This question is a bit tricky since it mentioned pre-order traversal (root, left, right) The idea here is to traverse recursively and make the "reordering" as you go.
Thought process:
- Traverse left subtree then right subtree
- If you encounter a left node
- Keep the existing right node as a temp, assign left as null.
- We need to append our previous right node to the "last new right"
- In order to do that, we need to traverse until we find the new last right node and assign it there.
Time complexity: I'm not sure actually - might not be O(n) since there's a nested loop. Space complexity: O(1) - since there's no additional space allocated.

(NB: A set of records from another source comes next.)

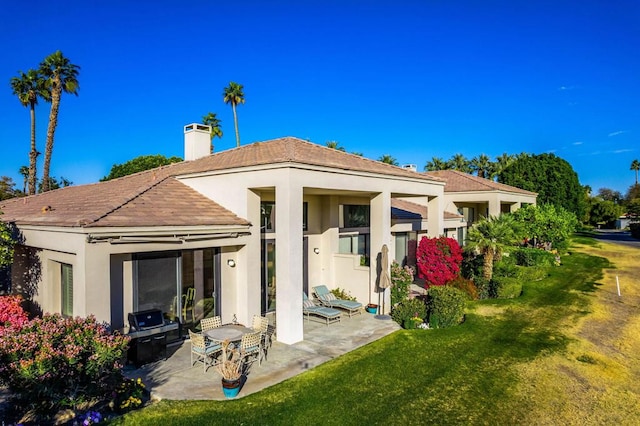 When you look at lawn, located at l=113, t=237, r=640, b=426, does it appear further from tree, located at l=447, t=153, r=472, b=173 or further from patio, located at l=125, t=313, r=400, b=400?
tree, located at l=447, t=153, r=472, b=173

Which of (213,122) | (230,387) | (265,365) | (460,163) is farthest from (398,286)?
(460,163)

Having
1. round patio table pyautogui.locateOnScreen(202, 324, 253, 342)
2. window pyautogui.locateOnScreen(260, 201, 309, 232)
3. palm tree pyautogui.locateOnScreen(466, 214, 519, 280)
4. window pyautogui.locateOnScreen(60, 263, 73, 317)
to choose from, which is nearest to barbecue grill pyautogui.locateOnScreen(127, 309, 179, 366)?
round patio table pyautogui.locateOnScreen(202, 324, 253, 342)

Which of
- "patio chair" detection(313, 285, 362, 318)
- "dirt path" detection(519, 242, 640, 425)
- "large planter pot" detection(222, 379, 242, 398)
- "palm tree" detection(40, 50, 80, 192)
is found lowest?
"dirt path" detection(519, 242, 640, 425)

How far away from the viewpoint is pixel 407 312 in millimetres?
15820

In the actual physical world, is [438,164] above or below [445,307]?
above

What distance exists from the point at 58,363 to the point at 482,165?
217 ft

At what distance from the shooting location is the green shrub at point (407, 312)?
51.7 ft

Link: Flatten Binary Tree to Linked List
/**
* @param {TreeNode} root
* @return {void} Do not return anything, modify root in-place instead.
*/
var flatten = function(root) {
let temp = null;
let traverse = (root, temp) => {
if(!root){
return;
}
if(!root.left && !root.right){
return;
}
traverse(root.left, temp);
traverse(root.right, temp);
if(root.left){
temp = root.right;
root.right = root.left;
root.left = null;
let cur = root.right;
while(cur!=null){
if(cur.right){
cur = cur.right;
}
if(cur.right == null){
cur.right = temp;
break;
}
}
}
}
traverse(root);
};